Scraped caption text data

>>>

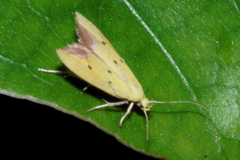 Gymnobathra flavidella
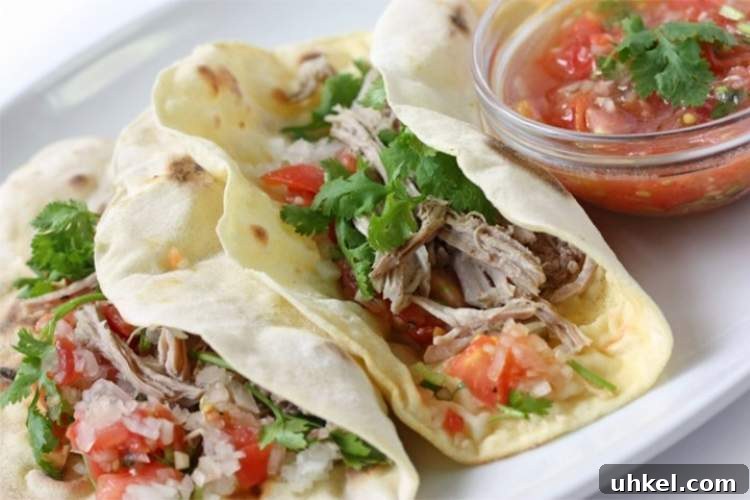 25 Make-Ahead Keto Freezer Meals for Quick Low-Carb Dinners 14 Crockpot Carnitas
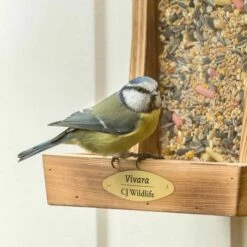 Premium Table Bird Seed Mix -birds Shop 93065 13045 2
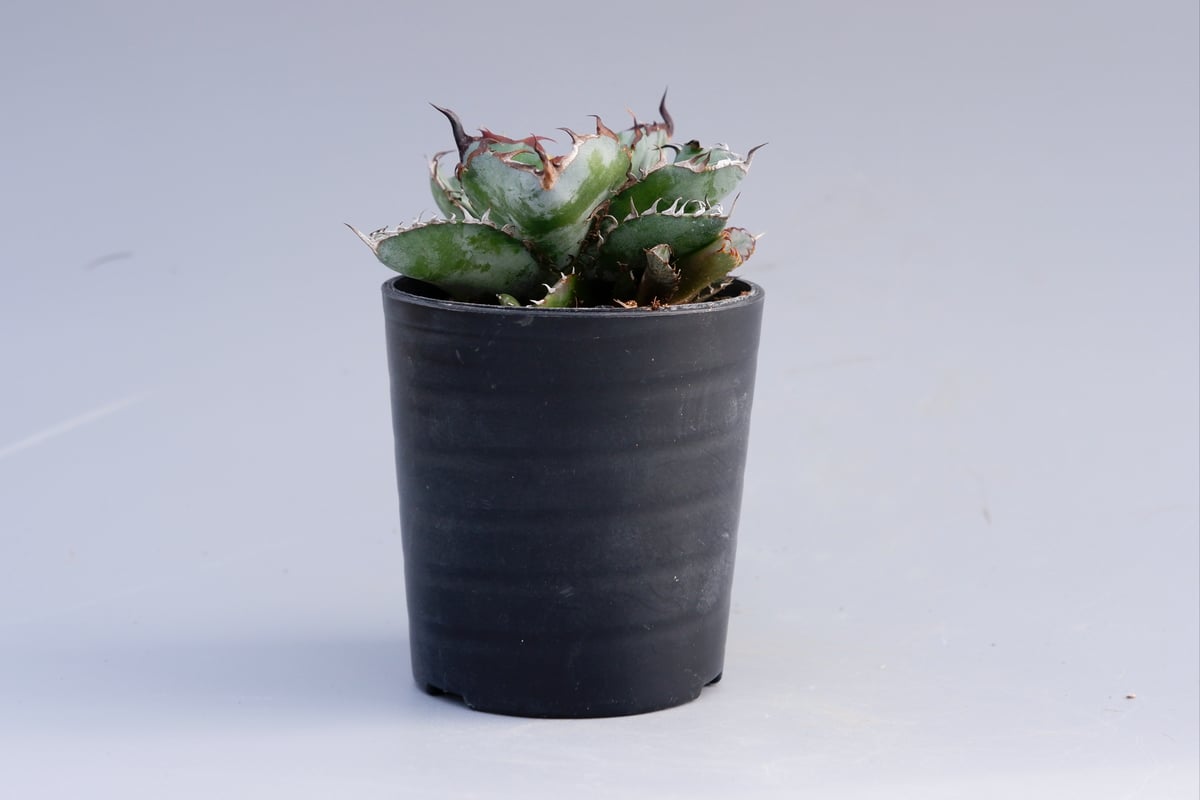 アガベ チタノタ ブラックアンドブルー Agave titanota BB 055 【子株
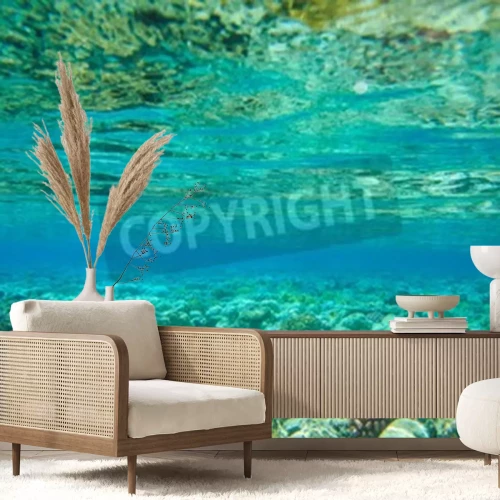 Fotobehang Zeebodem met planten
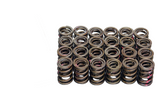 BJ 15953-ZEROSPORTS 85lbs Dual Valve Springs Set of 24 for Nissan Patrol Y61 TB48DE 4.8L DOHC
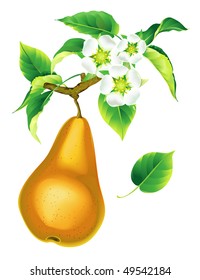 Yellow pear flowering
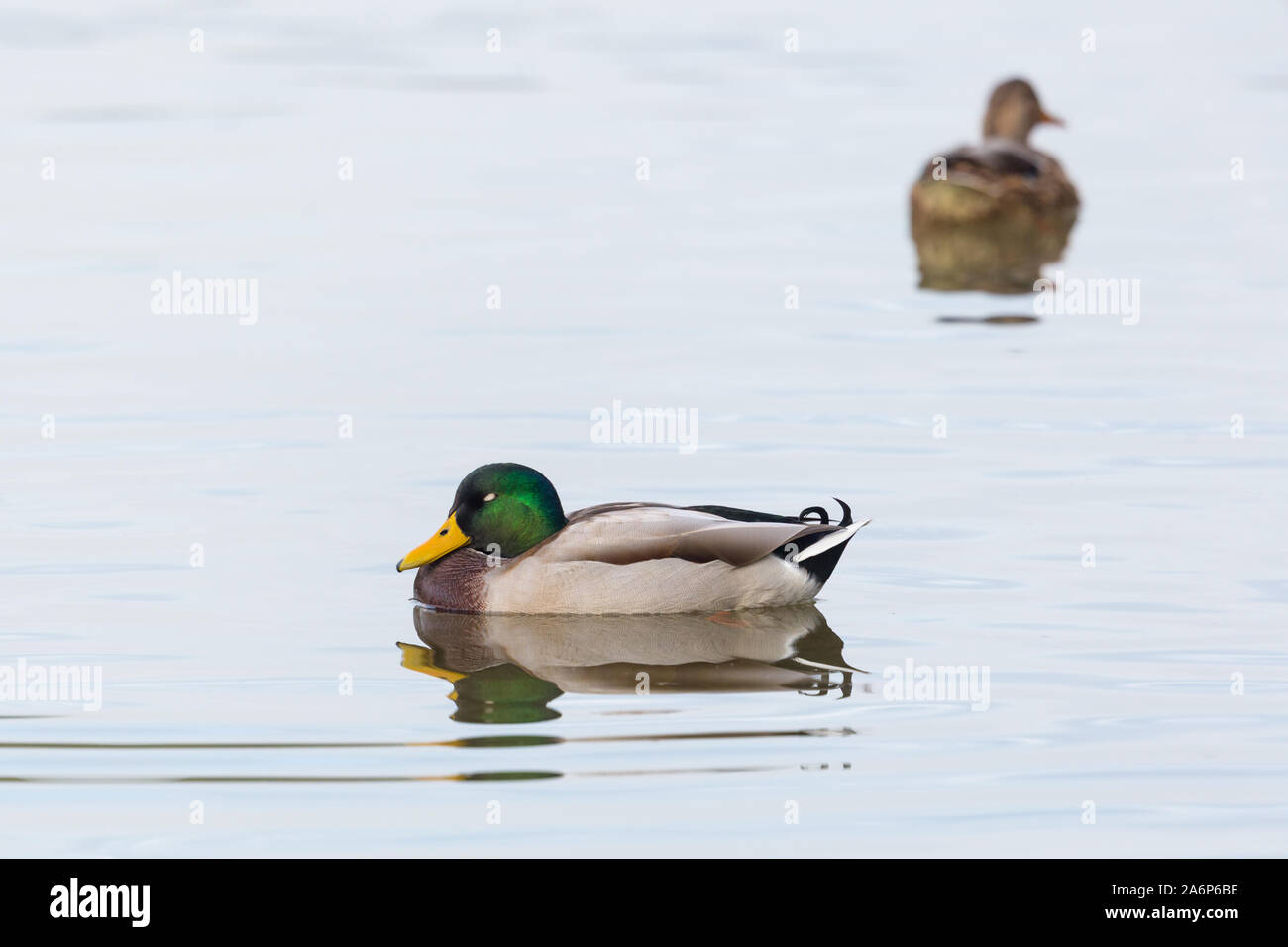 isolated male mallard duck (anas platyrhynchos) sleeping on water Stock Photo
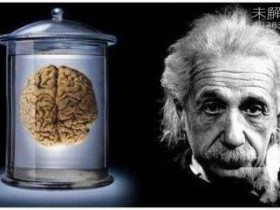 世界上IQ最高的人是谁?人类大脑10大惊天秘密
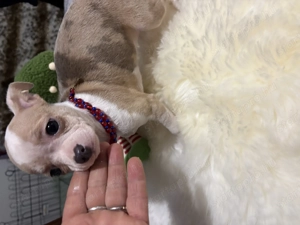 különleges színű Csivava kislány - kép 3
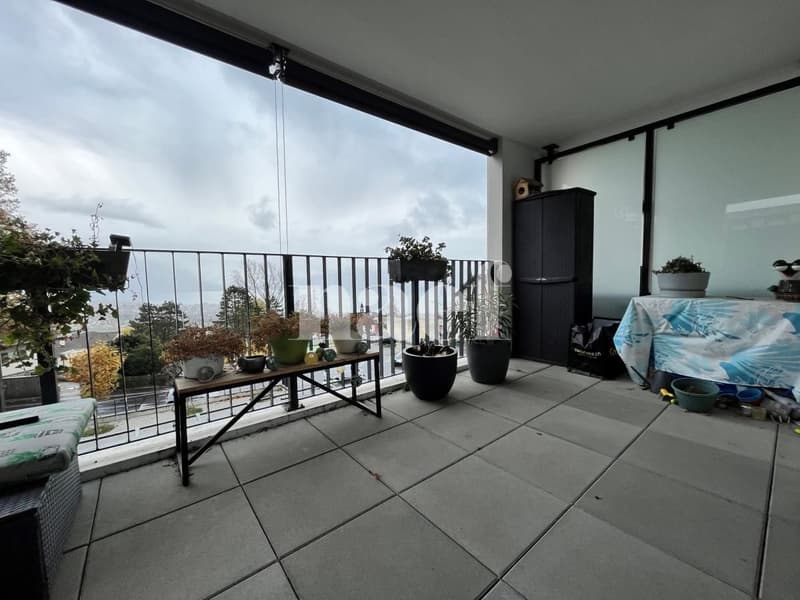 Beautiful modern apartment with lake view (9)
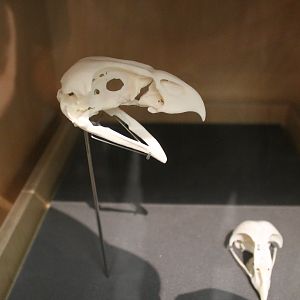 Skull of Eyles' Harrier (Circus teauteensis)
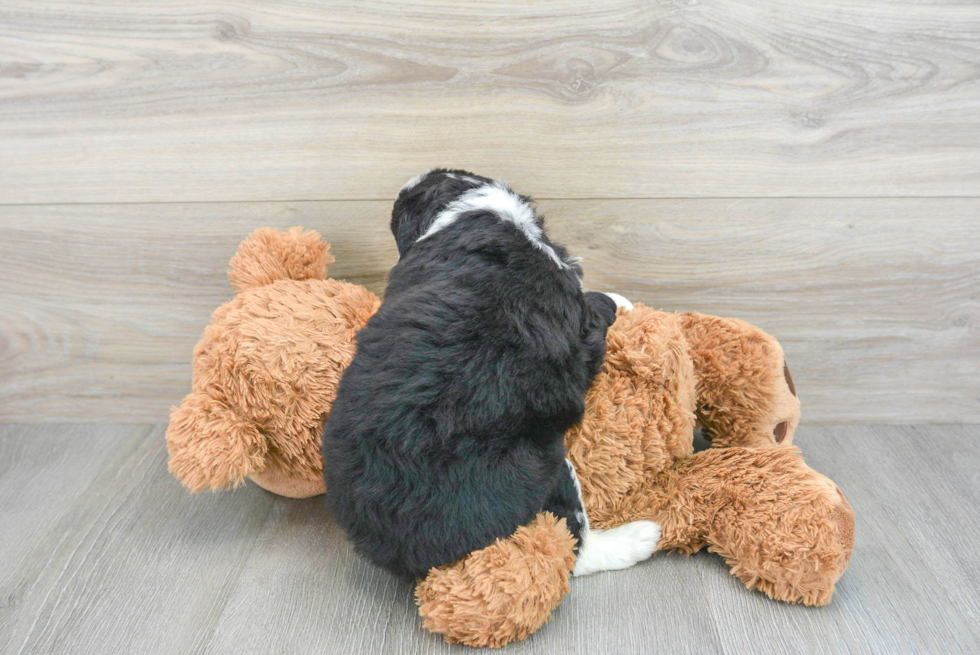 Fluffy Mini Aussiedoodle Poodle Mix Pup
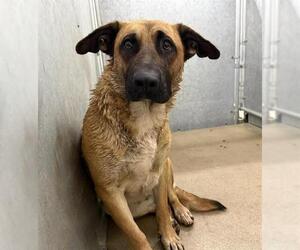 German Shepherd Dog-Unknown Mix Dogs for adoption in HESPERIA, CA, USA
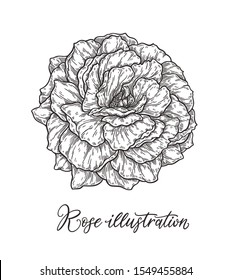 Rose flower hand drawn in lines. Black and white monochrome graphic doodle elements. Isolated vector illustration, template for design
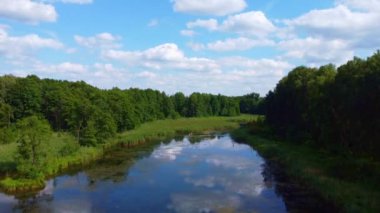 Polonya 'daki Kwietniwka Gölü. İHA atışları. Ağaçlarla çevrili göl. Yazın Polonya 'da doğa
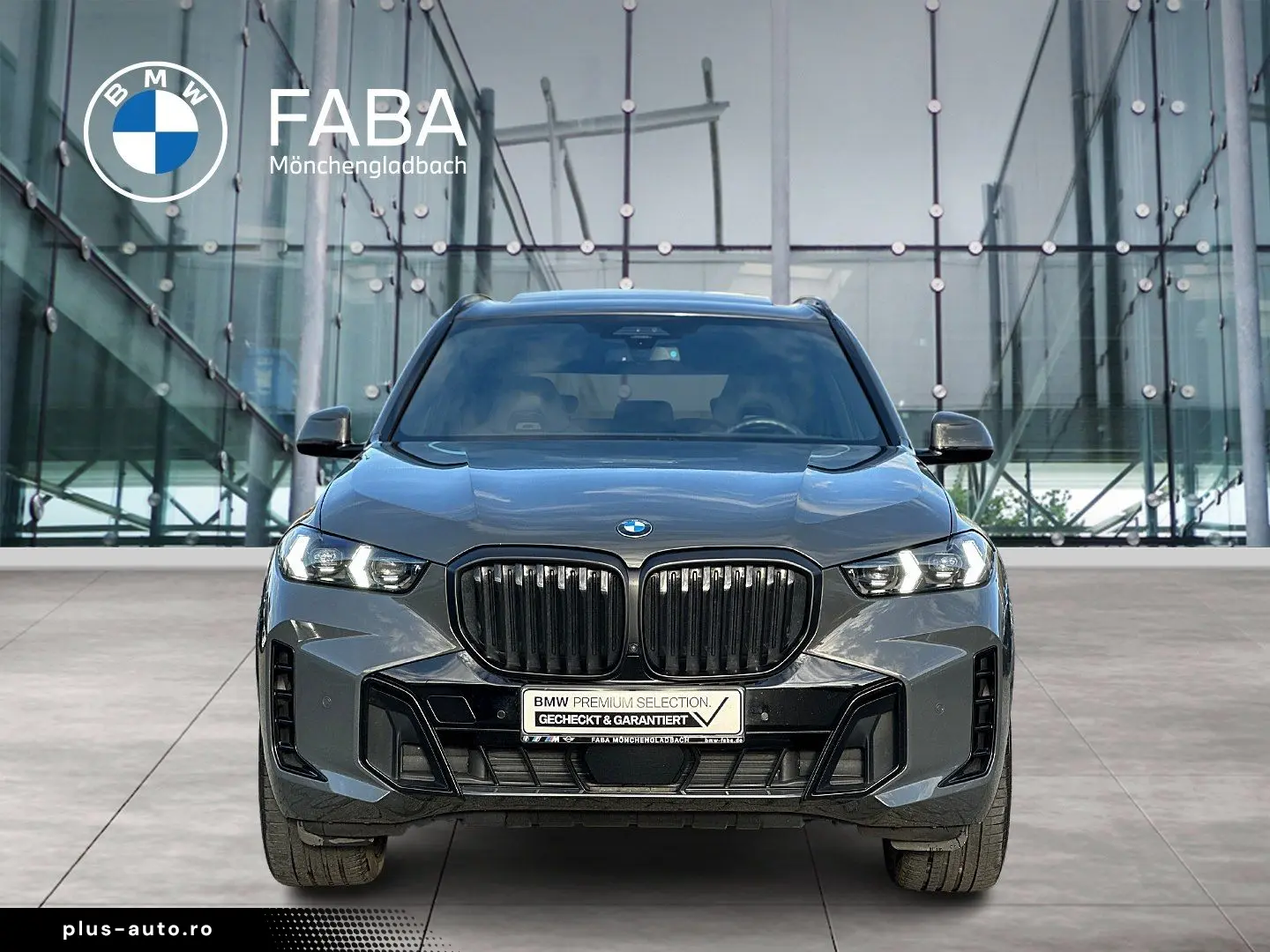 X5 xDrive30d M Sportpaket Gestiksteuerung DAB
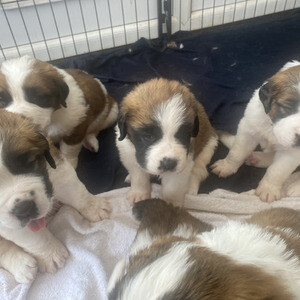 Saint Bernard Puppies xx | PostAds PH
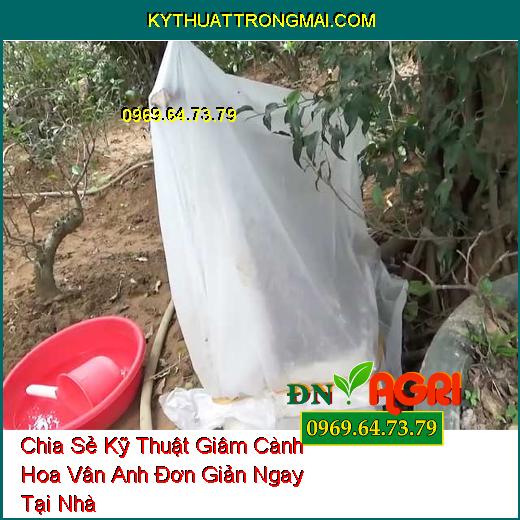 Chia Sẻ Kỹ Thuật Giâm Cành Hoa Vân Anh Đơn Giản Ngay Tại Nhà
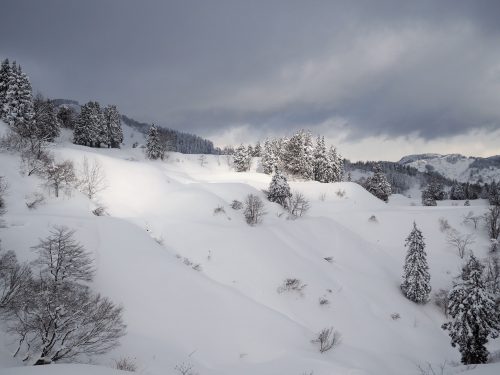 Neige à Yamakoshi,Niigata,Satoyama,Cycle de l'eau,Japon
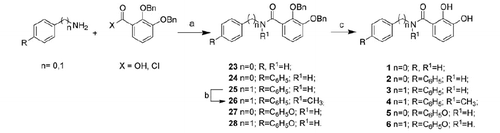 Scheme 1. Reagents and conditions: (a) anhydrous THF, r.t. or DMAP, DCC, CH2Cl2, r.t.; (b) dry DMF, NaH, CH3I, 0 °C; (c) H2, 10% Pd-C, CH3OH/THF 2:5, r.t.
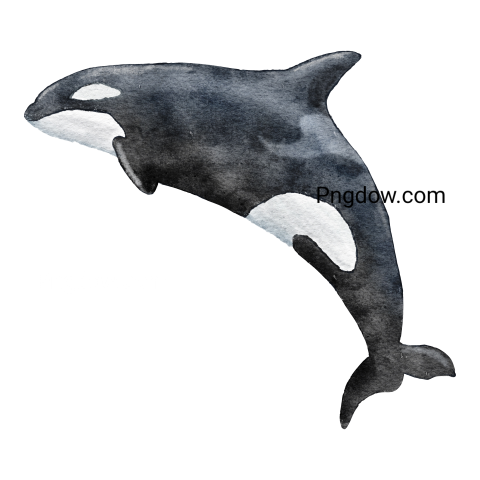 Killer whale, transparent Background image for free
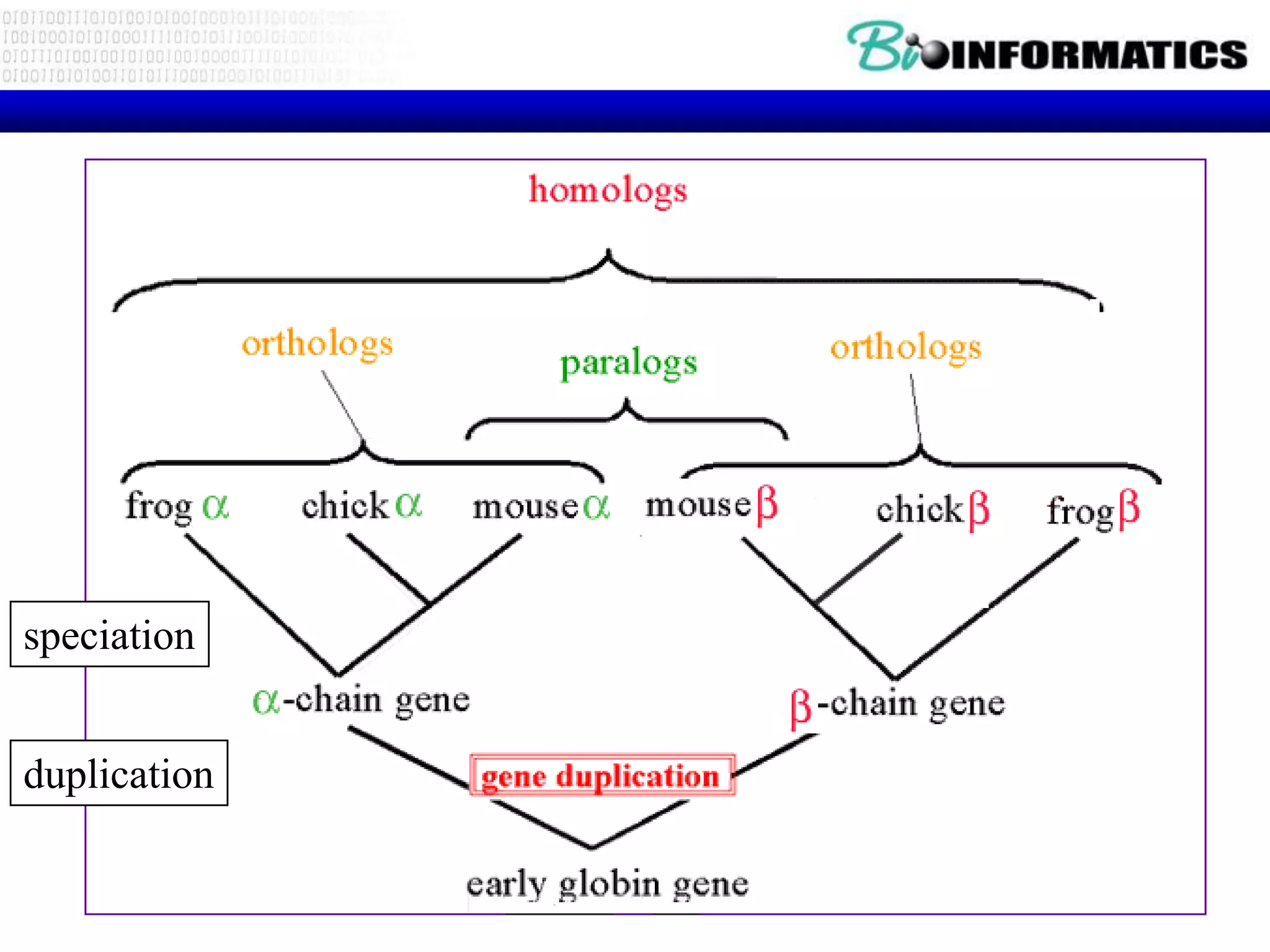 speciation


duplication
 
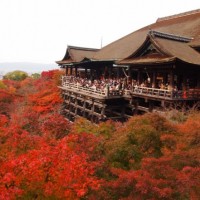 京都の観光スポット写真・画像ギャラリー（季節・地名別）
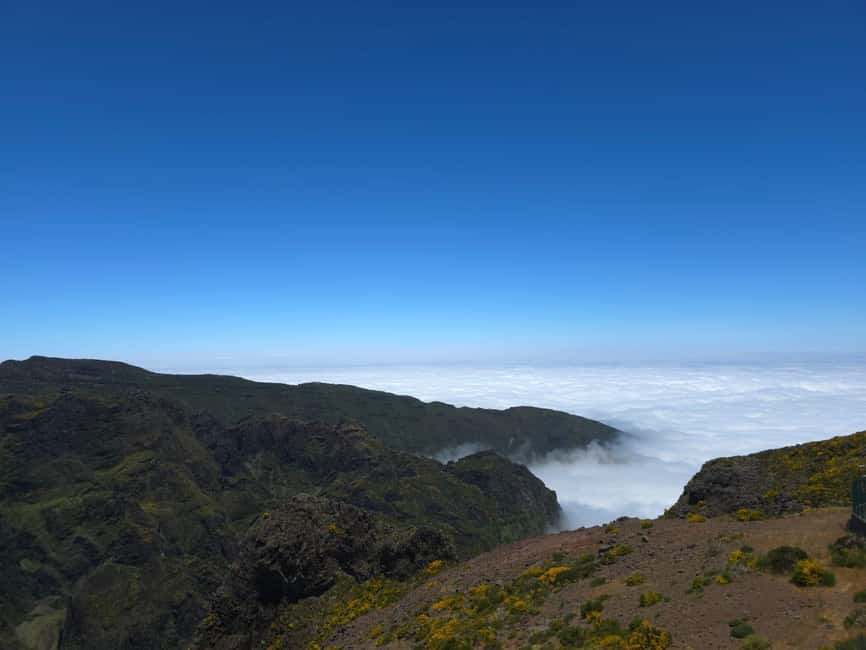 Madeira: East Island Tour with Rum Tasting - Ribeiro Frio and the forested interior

<<<

| The task |
Your answer must be an exact copy of the records above, with every picture left out.

| Response area |
 Gymnobathra flavidella
 25 Make-Ahead Keto Freezer Meals for Quick Low-Carb Dinners 14 Crockpot Carnitas
 Premium Table Bird Seed Mix -birds Shop 93065 13045 2
 アガベ チタノタ ブラックアンドブルー Agave titanota BB 055 【子株
 Fotobehang Zeebodem met planten
 BJ 15953-ZEROSPORTS 85lbs Dual Valve Springs Set of 24 for Nissan Patrol Y61 TB48DE 4.8L DOHC
 Yellow pear flowering
 isolated male mallard duck (anas platyrhynchos) sleeping on water Stock Photo
 世界上IQ最高的人是谁?人类大脑10大惊天秘密
 különleges színű Csivava kislány - kép 3
 Beautiful modern apartment with lake view (9)
 Skull of Eyles' Harrier (Circus teauteensis)
 Fluffy Mini Aussiedoodle Poodle Mix Pup
 German Shepherd Dog-Unknown Mix Dogs for adoption in HESPERIA, CA, USA
 Rose flower hand drawn in lines. Black and white monochrome graphic doodle elements. Isolated vector illustration, template for design
 Polonya 'daki Kwietniwka Gölü. İHA atışları. Ağaçlarla çevrili göl. Yazın Polonya 'da doğa
 X5 xDrive30d M Sportpaket Gestiksteuerung DAB
 Saint Bernard Puppies xx | PostAds PH
 Chia Sẻ Kỹ Thuật Giâm Cành Hoa Vân Anh Đơn Giản Ngay Tại Nhà
 Neige à Yamakoshi,Niigata,Satoyama,Cycle de l'eau,Japon
 Scheme 1. Reagents and conditions: (a) anhydrous THF, r.t. or DMAP, DCC, CH2Cl2, r.t.; (b) dry DMF, NaH, CH3I, 0 °C; (c) H2, 10% Pd-C, CH3OH/THF 2:5, r.t.
 Killer whale, transparent Background image for free
 speciation


duplication
 
 京都の観光スポット写真・画像ギャラリー（季節・地名別）
 Madeira: East Island Tour with Rum Tasting - Ribeiro Frio and the forested interior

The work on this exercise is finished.